In 16,810 patients from 37 trials included in the analysis, first-line treatment with nivolumab or pembrolizumab, compared with first-line sorafenib plus platinum doublets, for example, was associated with less combined direct and indirect toxicity (odds ratios, 0.08 and 0.12, respectively), Chin-Chuan Hung, MD, and her colleagues reported in a poster at the annual conference of the National Comprehensive Cancer Network.

For subsequent therapy, nivolumab showed lower risk than most antiangiogenic therapies, particularly combination ramucirumab and docetaxel (OR, 0.06), said Dr. Hung of China Medical University Hospital in Taichung, Taiwan.

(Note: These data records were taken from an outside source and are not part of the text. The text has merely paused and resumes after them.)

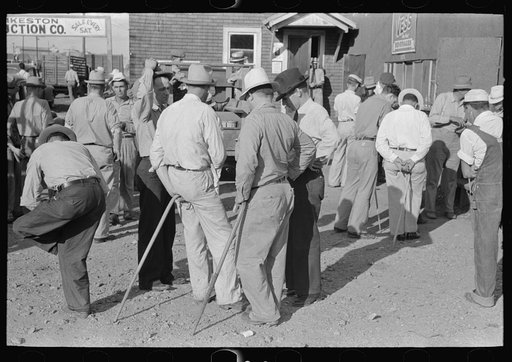 Group of farmers at auction with auction assistants resting on canes used for guiding livestock, Sikeston, Missouri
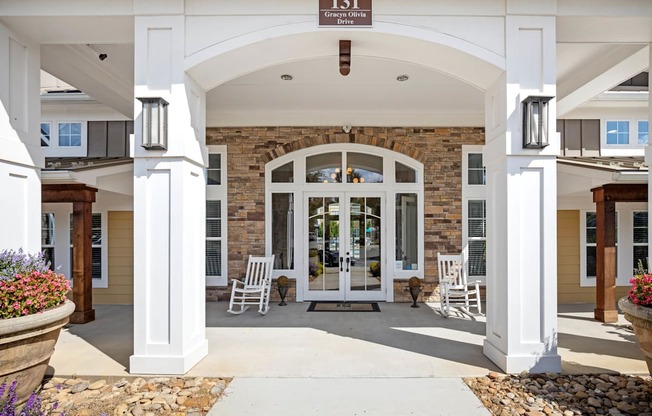 the front entrance of a building with white columns and a large archway with chairs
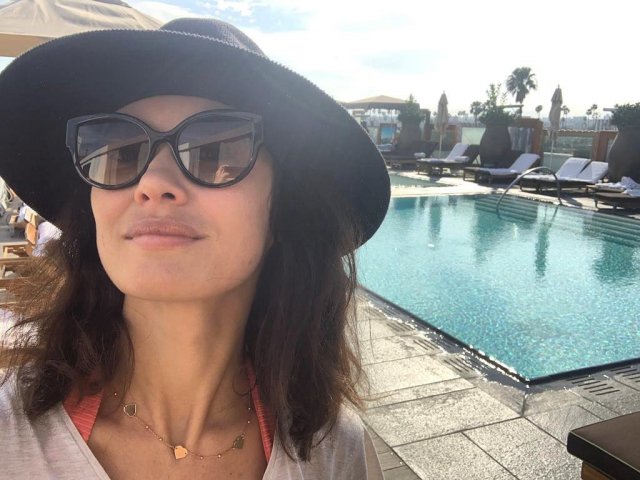 Ольга Куриленко в черных очках и шляпе около бассейна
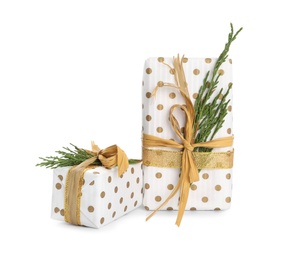 Christmas gift boxes decorated with fir branches on white background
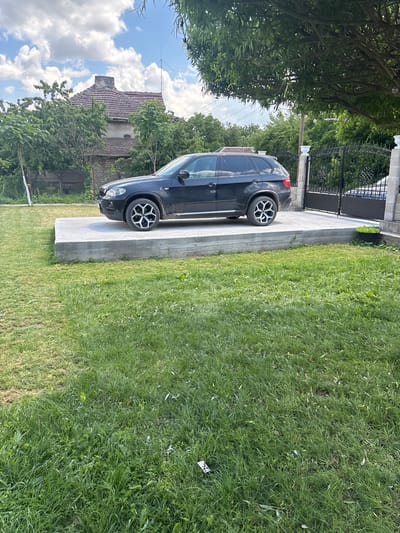 The scene depicts a black SUV parked on a concrete driveway adjacent to a green lawn. The driveway leads to a black metal gate. In the background, a building with a tiled roof is visible, partially obscured by trees. The sky above is blue with scattered clouds. The photograph was taken in Septemvritsi, Bulgaria.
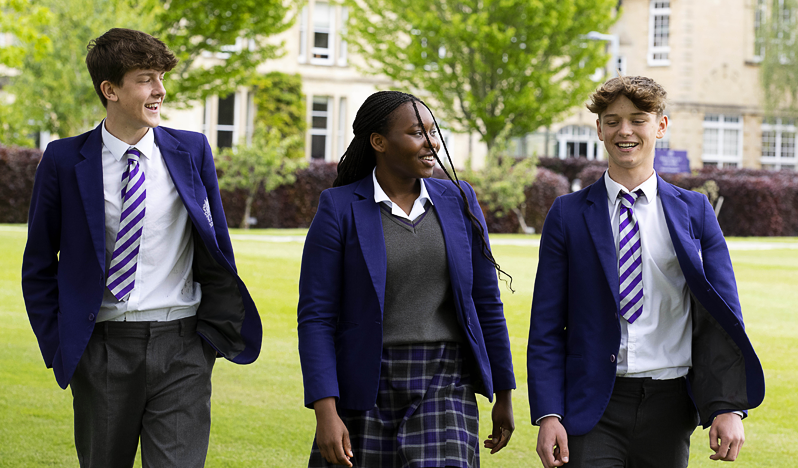 International students walking and chatting through the grounds at UK boarding school, Wycliffe College
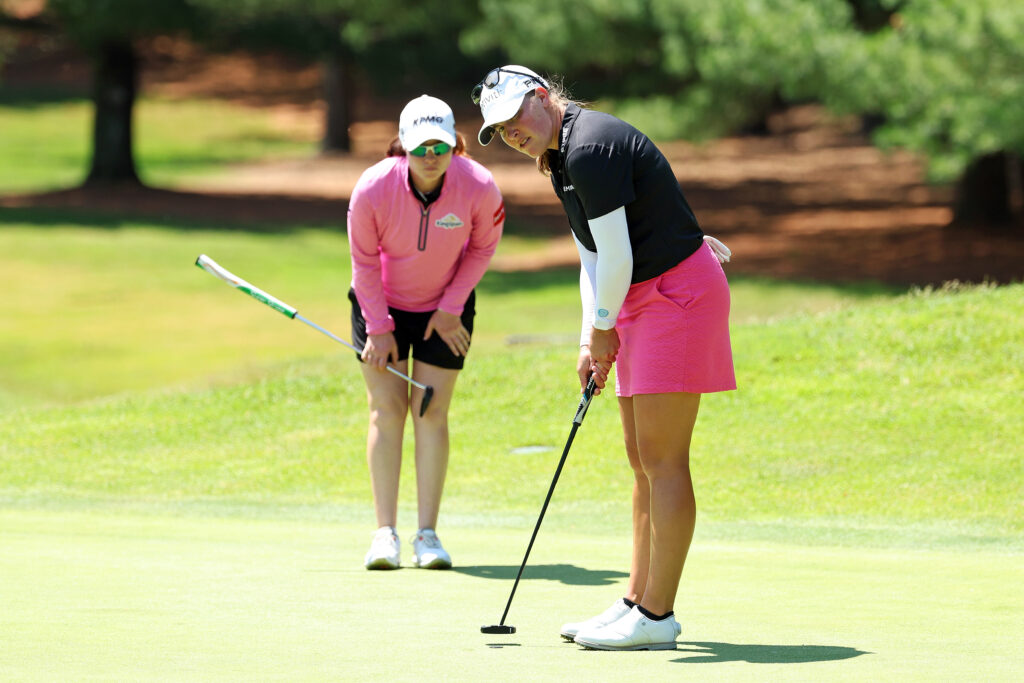 Jennifer Kupcho (R) and Leona Maguire (L) line up a putt on the fifth hole during the second round of the 2025 Dow Championship.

The findings are notable because tolerability is an essential selection criterion for patients with advanced stage disease, and while checkpoint inhibitors – including nivolumab, pembrolizumab, and atezolizumab – and antiangiogenic agents – including bevacizumab, ramucirumab, and nintedanib – have become the treatments of choice, direct comparisons with respect to tolerability are lacking, she noted.

The investigators performed a systematic review using Bayesian-model network meta-analysis of studies conducted through July 2017 comparing first-line and subsequent regimens containing chemotherapy, antiangiogenic therapy, and/or immune checkpoint inhibitors. Chemotherapy agents studied included cisplatin, carboplatin, oxaliplatin, gemcitabine, paclitaxel, docetaxel, and pemetrexed; antiangiogenic agents included bevacizumab, aflibercept, ramucirumab, nintedanib, axitinib, sorafenib, vandetanib, and sunitinib; and immune checkpoint inhibitors included ipilimumab, pembrolizumab, nivolumab, and atezolizumab.

Direct and indirect data for all grade 3-5 adverse events were combined using random-effects network meta-analysis.

“The results indicated that [checkpoint] inhibitors can be preferred choices for less toxicity to treat advanced stage NSCLC compared with antiangiogenic therapies in first-line and subsequent settings,” Dr. Hung and her associates concluded.

 

 


This study was supported by the China Medical University Beigang Hospital.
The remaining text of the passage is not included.